The experimental API currently looks like this:

class MyLoraLSTMLayer:
    ...

base_model = ...  # load the base model that uses LSTMs

# add the LSTM layer names to target_modules
config = LoraConfig(..., target_modules=["lstm"])
# define a mapping from base layer type to LoRA layer type
custom_module_mapping = {nn.LSTM: MyLoraLSTMLayer}
# register the new mapping
config._register_custom_module(custom_module_mapping)
# after registration, create the PEFT model
peft_model = get_peft_model(base_model, config)
# do training

When you call [get_peft_model], you will see a warning because PEFT does not recognize the targeted module type. In this case, you can ignore this warning.

By supplying a custom mapping, PEFT first checks the base model's layers against the custom mapping and dispatches to the custom LoRA layer type if there is a match. If there is no match, PEFT checks the built-in LoRA layer types for a match.

Therefore, this feature can also be used to override existing dispatch logic, e.g. if you want to use your own LoRA layer for nn.Linear instead of using the one provided by PEFT.
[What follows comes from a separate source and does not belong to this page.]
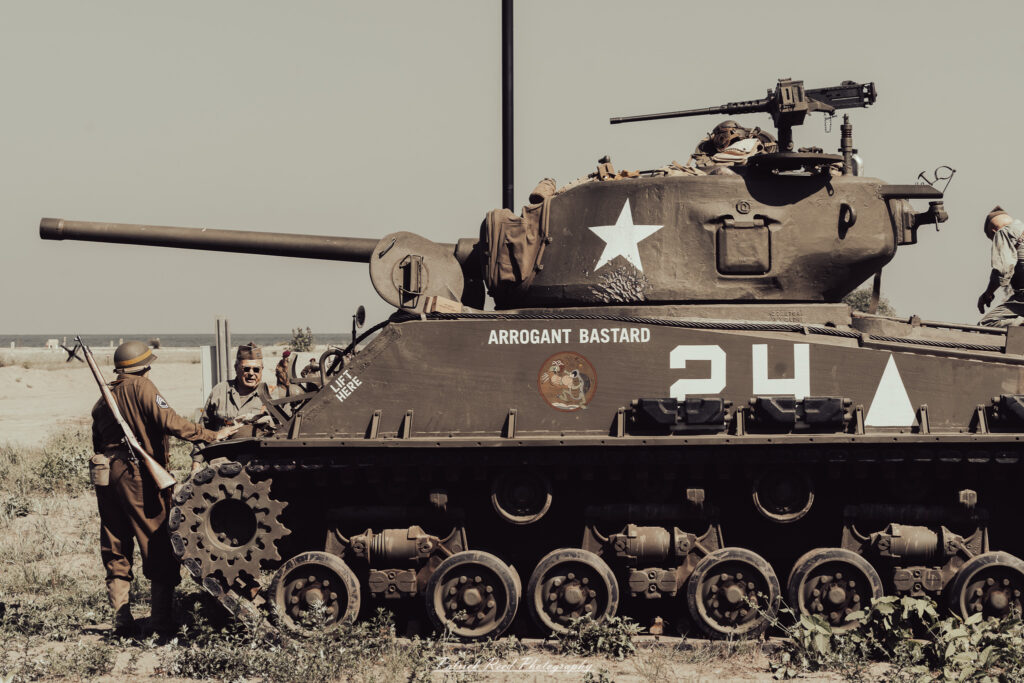 A group of World War II reenactors in period-accurate uniforms—American, German, and French Resistance—on a sandy shore during the D-Day Conneaut 2025 reenactment at Conneaut Township Park, Ohio.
When creating your custom LoRA module, please follow the same rules as the existing LoRA modules. Some important constraints to consider:

  • The custom module should inherit from nn.Module and peft.tuners.lora.layer.LoraLayer.
  • The __init__ method of the custom module should have the positional arguments base_layer and adapter_name. After this, there are additional **kwargs that you are free to use or ignore.
  • The learnable parameters should be stored in an nn.ModuleDict or nn.ParameterDict, where the key corresponds to the name of the specific adapter (remember that a model can have more than one adapter at a time).
  • The name of these learnable parameter attributes should start with "lora_", e.g. self.lora_new_param = ....
  • Some methods are optional, e.g. you only need to implement merge and unmerge if you want to support weight merging.

Currently, the information about the custom module does not persist when you save the model. When loading the model, you have to register the custom modules again.

# saving works as always and includes the parameters of the custom modules
peft_model.save_pretrained(<model-path>)

# loading the model later:
base_model = ...
# load the LoRA config that you saved earlier
config = LoraConfig.from_pretrained(<model-path>)
# register the custom module again, the same way as the first time
custom_module_mapping = {nn.LSTM: MyLoraLSTMLayer}
config._register_custom_module(custom_module_mapping)
# pass the config instance to from_pretrained:
peft_model = PeftModel.from_pretrained(model, tmp_path / "lora-custom-module", config=config)

If you use this feature and find it useful, or if you encounter problems, let us know by creating an issue or a discussion on GitHub. This allows us to estimate the demand for this feature and add a public API if it is sufficiently high.